*Task to carry out*
The reply should hold every entry exactly as written and none of the pictures.

*Information provided*

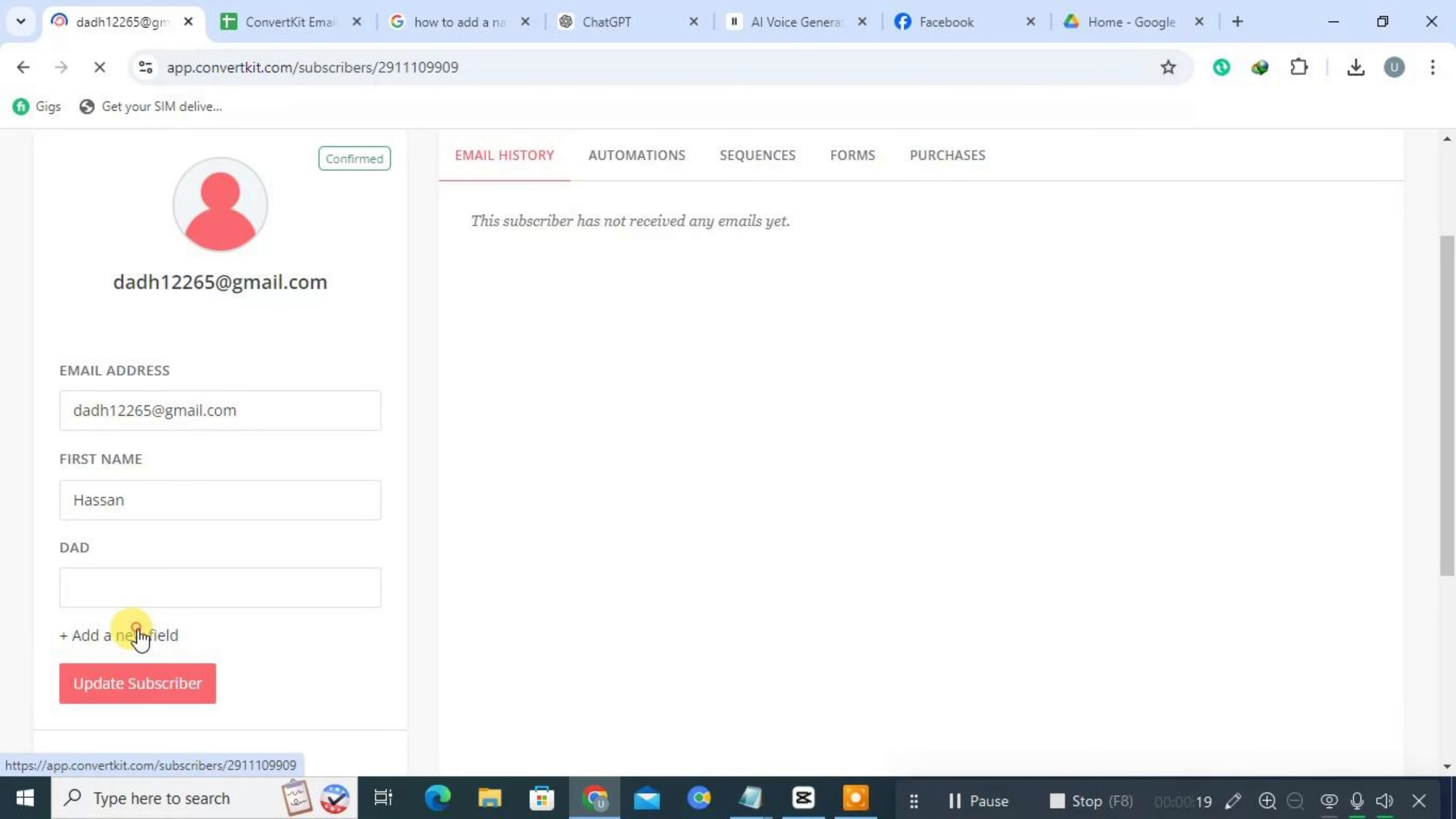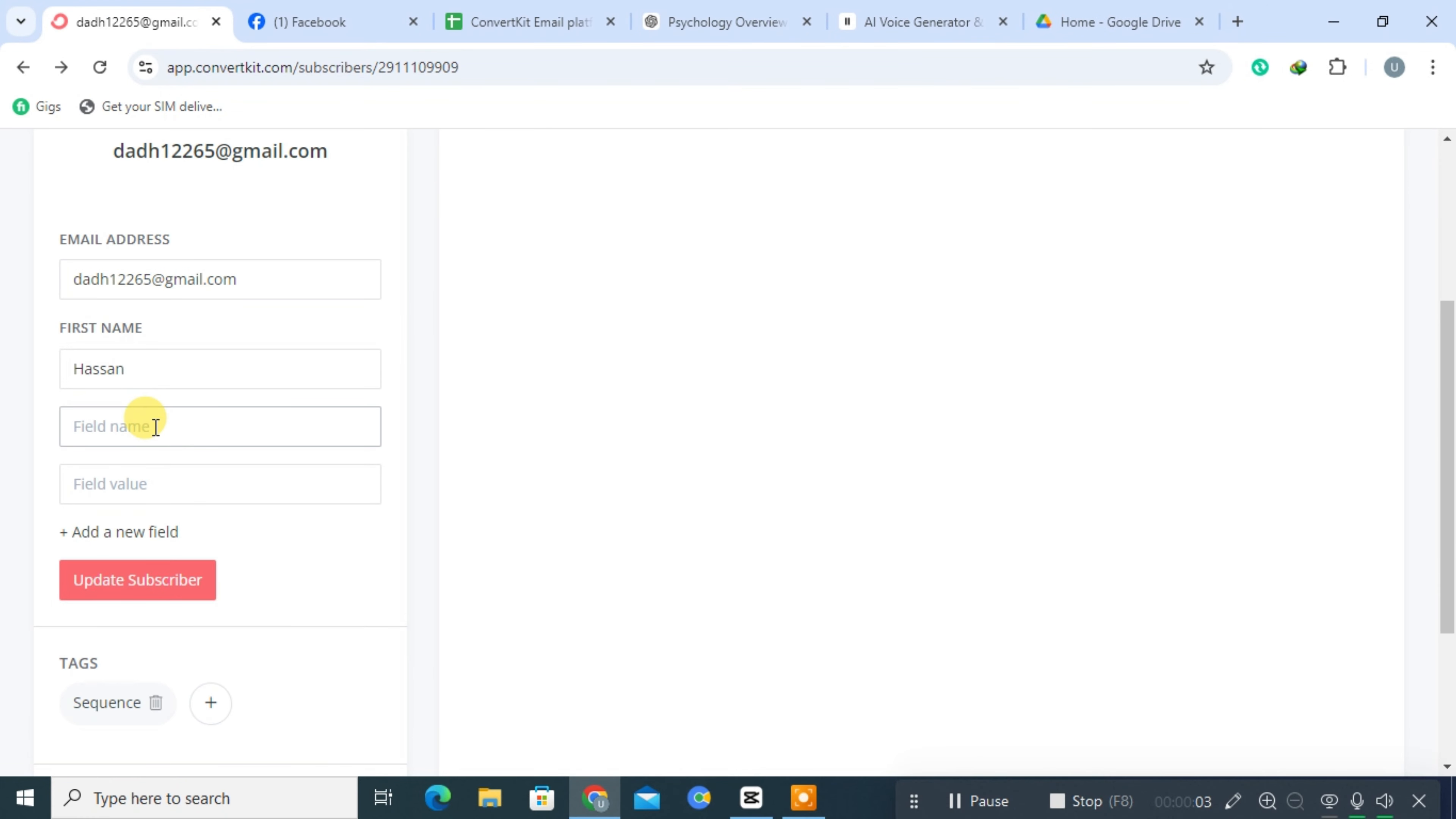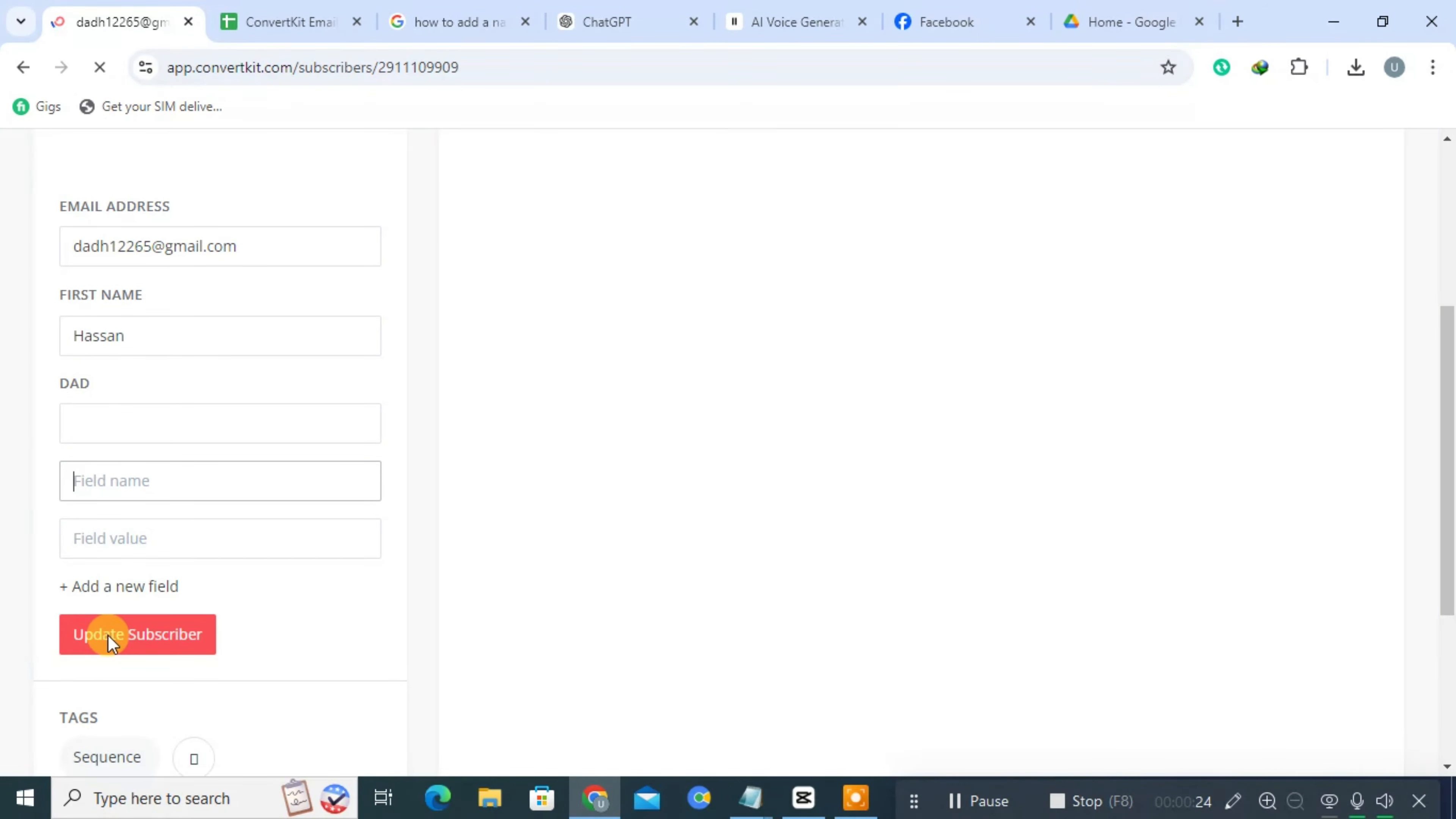Now you can create a custom field of your own choice, such as age, then simply fill the field name. Click on Update Subscriber.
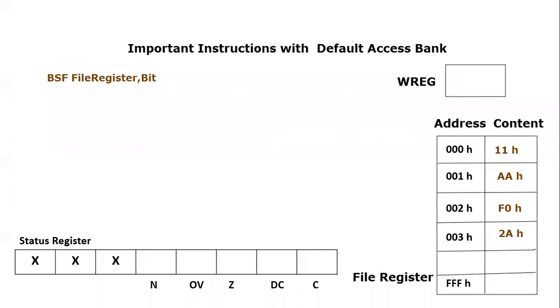Today we are going to cover another important instruction of PIC microcontroller in this sequence. So today we are going to talk about this instruction, BSF.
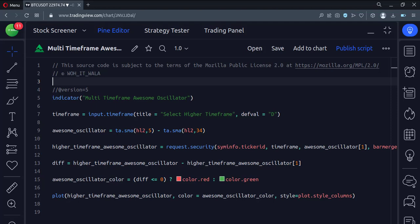Let's start. Today we will see how to implement the multi-timeframe awesome oscillator in the TradingView Pine script.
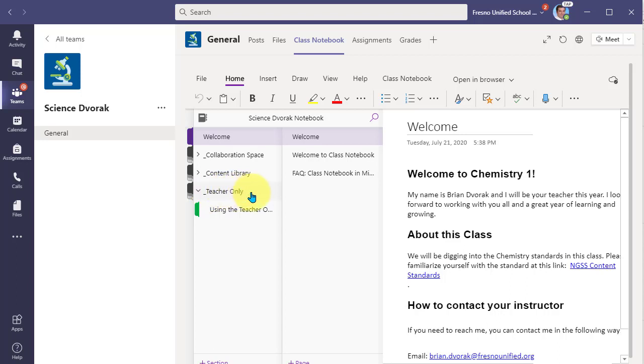The students will not see this teacher only section at all, let alone try to click into it. So this is a private area for you to work on activities and pages for your students. And that is how you set up the teacher only workspace.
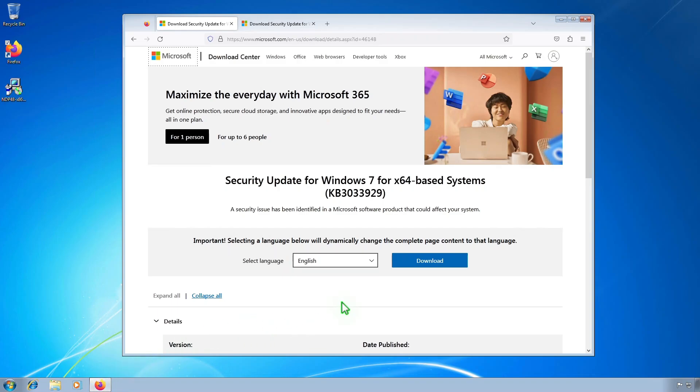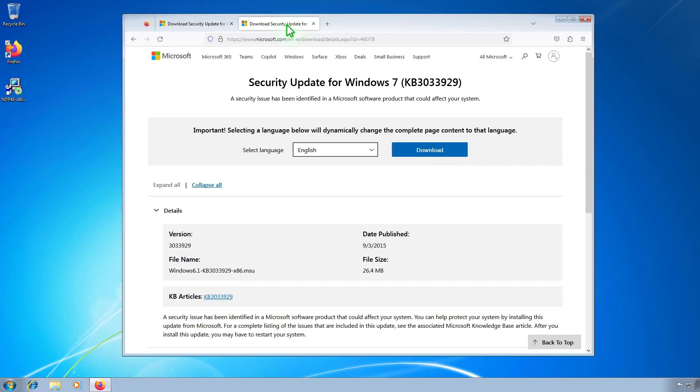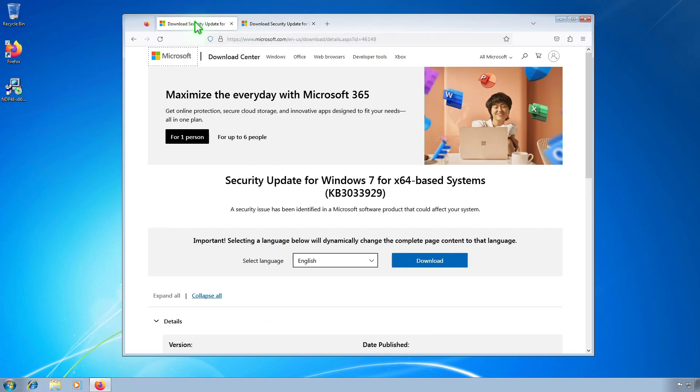Then, download the appropriate security update based on your system's architecture. In my case, it's the 64-bit version of Windows 7.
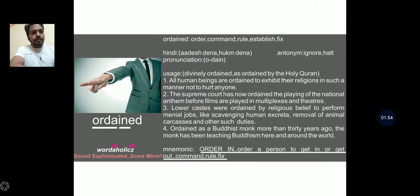Usage: 'divinely ordained,' 'as ordained by the Holy Quran.' Sentence 1: All human beings are ordained to exhibit their religions in such a manner not to hurt anyone. Sentence 2: The Supreme Court has ordained the playing of the national anthem before films are played in multiplexes and theatres. Sentence 3: Lower castes were ordained by religious belief to perform menial jobs like scavenging human excreta and removal of animal carcasses. Sentence 4: Ordained as a Buddhist monk more than 30 years ago, the monk has been teaching Buddhism here and around the world.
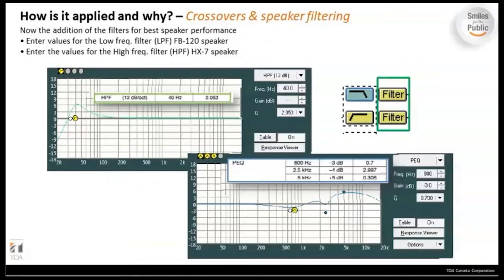Here's a filter example showing a low frequency boost around 40 Hz with a rolloff below that, and a relatively flat response above. There's also a PEQ for the speaker with a slight boost around 5 kHz. This illustrates the relationship between speaker type and its recommended EQ — this is an example for the FB120 subwoofer and the HX7 mid-high speaker.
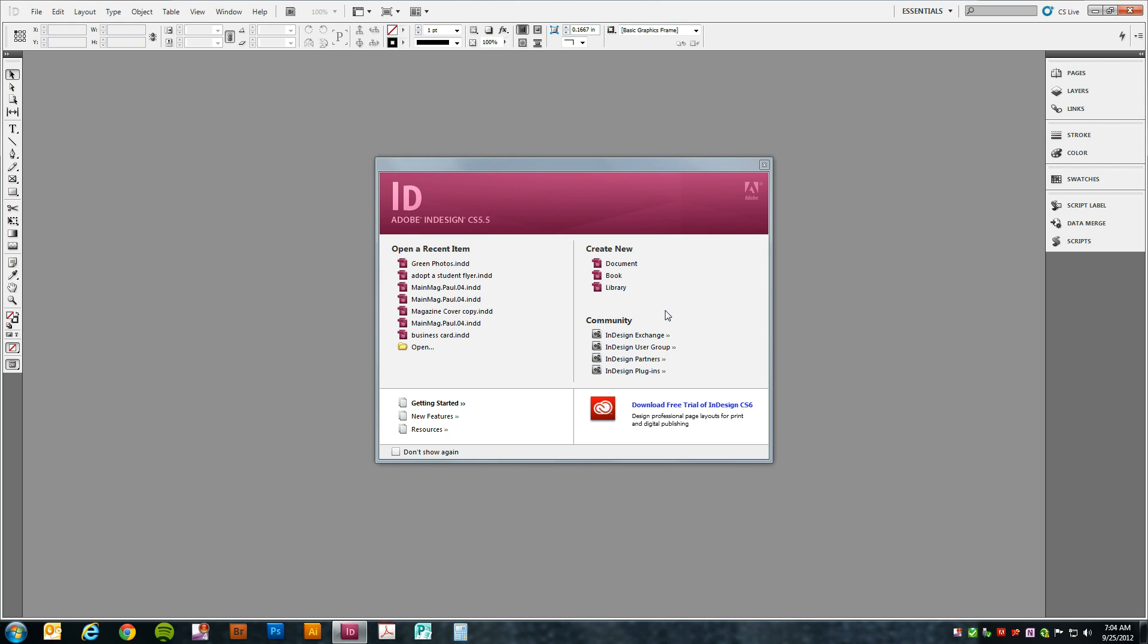In this tutorial we'll be setting up a document in Adobe InDesign for a full bleed tri-fold brochure. To get started, click the new document button.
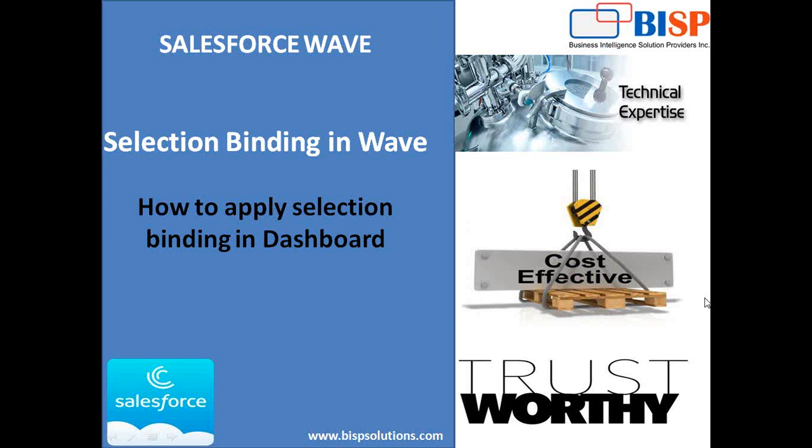Hello friends. Welcome to BISPSolutions.com. My name is Sumit and today I'm going to demonstrate how to perform selection binding in Wave.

*Response*
Now you can create a custom field of your own choice, such as age, then simply fill the field name. Click on Update Subscriber.
Today we are going to cover another important instruction of PIC microcontroller in this sequence. So today we are going to talk about this instruction, BSF.
Let's start. Today we will see how to implement the multi-timeframe awesome oscillator in the TradingView Pine script.
The students will not see this teacher only section at all, let alone try to click into it. So this is a private area for you to work on activities and pages for your students. And that is how you set up the teacher only workspace.
Then, download the appropriate security update based on your system's architecture. In my case, it's the 64-bit version of Windows 7.
Usage: 'divinely ordained,' 'as ordained by the Holy Quran.' Sentence 1: All human beings are ordained to exhibit their religions in such a manner not to hurt anyone. Sentence 2: The Supreme Court has ordained the playing of the national anthem before films are played in multiplexes and theatres. Sentence 3: Lower castes were ordained by religious belief to perform menial jobs like scavenging human excreta and removal of animal carcasses. Sentence 4: Ordained as a Buddhist monk more than 30 years ago, the monk has been teaching Buddhism here and around the world.
Here's a filter example showing a low frequency boost around 40 Hz with a rolloff below that, and a relatively flat response above. There's also a PEQ for the speaker with a slight boost around 5 kHz. This illustrates the relationship between speaker type and its recommended EQ — this is an example for the FB120 subwoofer and the HX7 mid-high speaker.
In this tutorial we'll be setting up a document in Adobe InDesign for a full bleed tri-fold brochure. To get started, click the new document button.
Hello friends. Welcome to BISPSolutions.com. My name is Sumit and today I'm going to demonstrate how to perform selection binding in Wave.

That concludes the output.